In an embodiment, the thermal interface structure is made of a material which is a ceramic compound, for instance aluminium oxide particles in a silicone grid.

When the thermal interface structure is composed as a mixture of silicone and filler particles, it may have, as such, a white color. However, it may be advantageous to color the thermal interface structure (for instance by carbon black particles) in order to promote heat radiation capabilities, which further improves the thermal behaviour.

In an embodiment, a parasitic capacitance constituted by the interface structure in combination with the carrier and a heat dissipation body to be attached to an external surface of the interface structure has a capacitance in a range between 10 pF and 100 pF, in particular in a range between 25 pF and 55 pF. The mentioned capacitance values obtained when selecting the combination of electrical breakdown voltage, thermal conductivity and Vickers hardness, is sufficiently small to still render the thermal interface material suitable even for high power and/or high frequency applications.
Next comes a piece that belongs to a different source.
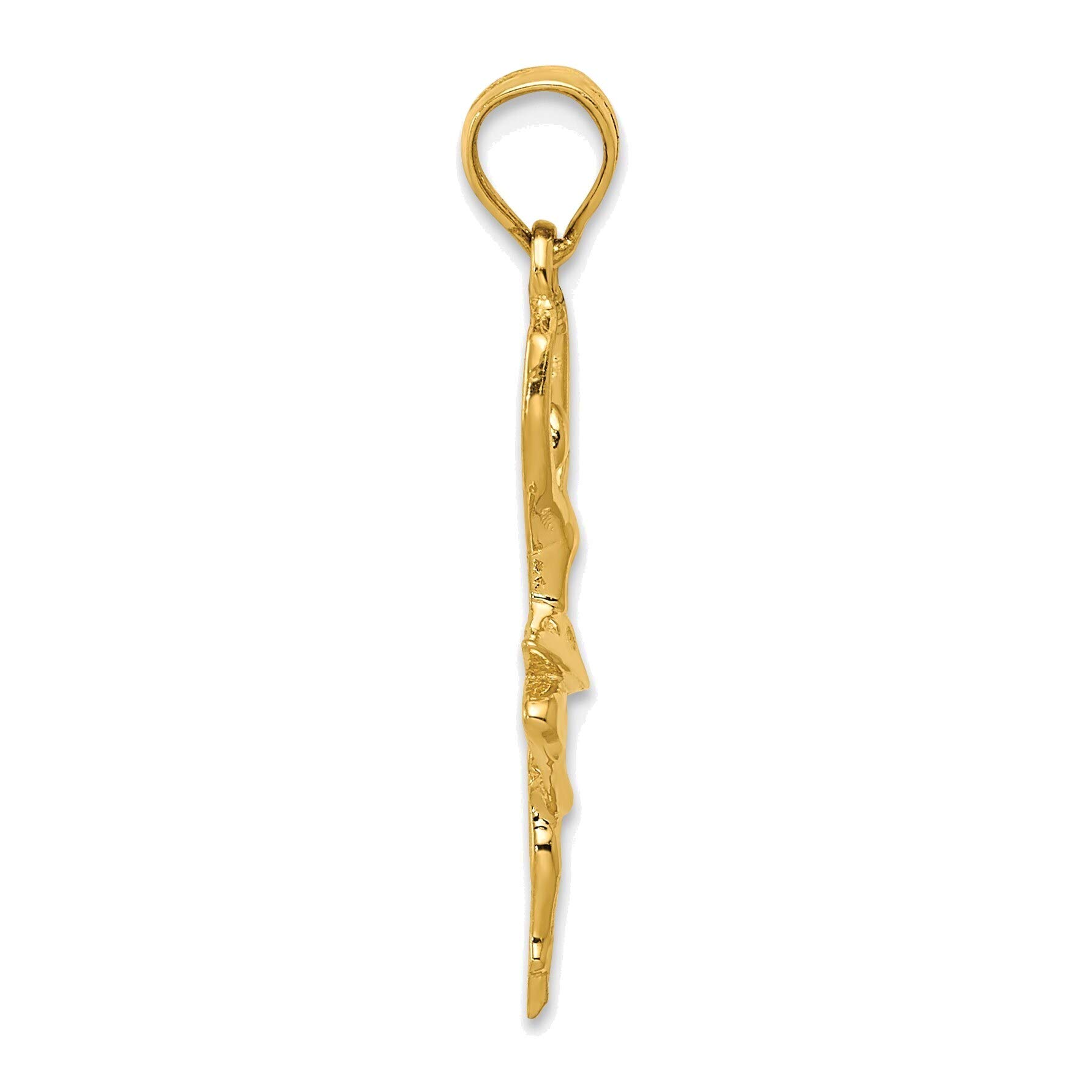 14K Yellow Gold Polished Small Ballerina Pendant Necklace - Elegant Ballet Jewelry Gift for Dancers & Ballerinas - Perfect for Performances, Recitals & Special Occasions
The carrier and a metallic heat sink separated by the dielectric thermal interface material form a parasitic capacitance. This parasitic capacitance may result in losses during operation.
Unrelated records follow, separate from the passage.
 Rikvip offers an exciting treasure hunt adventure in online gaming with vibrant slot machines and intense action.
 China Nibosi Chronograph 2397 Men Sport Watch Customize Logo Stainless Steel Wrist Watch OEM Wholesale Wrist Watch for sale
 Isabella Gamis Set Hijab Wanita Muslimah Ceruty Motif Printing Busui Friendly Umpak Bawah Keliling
However, the given capacitance values typical for the above set of thermal, electrical and mechanical parameters, refer to an acceptable range even for high frequency applications.

In an embodiment, the mounting structure comprises a printed circuit board. However, other mounting structures are possible as well.

In an embodiment, the electronic component is configured as one the group consisting of a leadframe connected power module, a Transistor Outline (TO) electronic component, a Quad Flat No Leads Package (QFN) electronic component, a Small Outline (SO) electronic component, a Small Outline Transistor (SOT) electronic component, and a Thin Small Outline Package (TSOP) electronic component. Therefore, the electronic component according to an exemplary embodiment is fully compatible with standard packaging concepts (in particular fully compatible with standard TO packaging concepts) and appears externally as a conventional electronic component, which is highly user-convenient. In an embodiment, the electronic component is configured as power module, for instance molded power module. For instance, an exemplary embodiment of the electronic component may be an intelligent power module (IPM). Another exemplary embodiment of the electronic component is a dual inline package (dip).

In an embodiment, the interface structure, the covered exposed surface portion of the carrier and the connected surface portion of the encapsulant are integrally formed with one another, in particular so that the interface structure is not detachable from a remainder of the electronic component.

In the described embodiment, the thermal interface structure is not configured as a foil or any other separate member to be merely attached from an exterior to the encapsulant onto the exposed surface of the carrier, but in contrast to this, carrier, encapsulant and thermal interface structure may form an integral structure altogether. Thus, any delamination is safely prevented. Furthermore, a user does not have to attach a foil manually to the package, but in contrast to this, a ready-to-use or plug-and-play module is provided. This significantly simplifies handling of the package at a user side. By the integral formation of the thermal interface structure with the package, the thermal resistivity between the thermal interface material and the package can be advantageously reduced.

In an embodiment, material of the interface structure is intermingled with material of the covered exposed surface portion of the carrier and/or material of the connected surface portion of the encapsulant. The integral character of carrier, encapsulant and thermal interface structure can further be promoted by manufacturing the package so that during the manufacture, material flows mutually between the mentioned components of the package. By such a material exchange, the danger of interior heat gaps and electric creeping current paths in an interior of the package can be further reduced.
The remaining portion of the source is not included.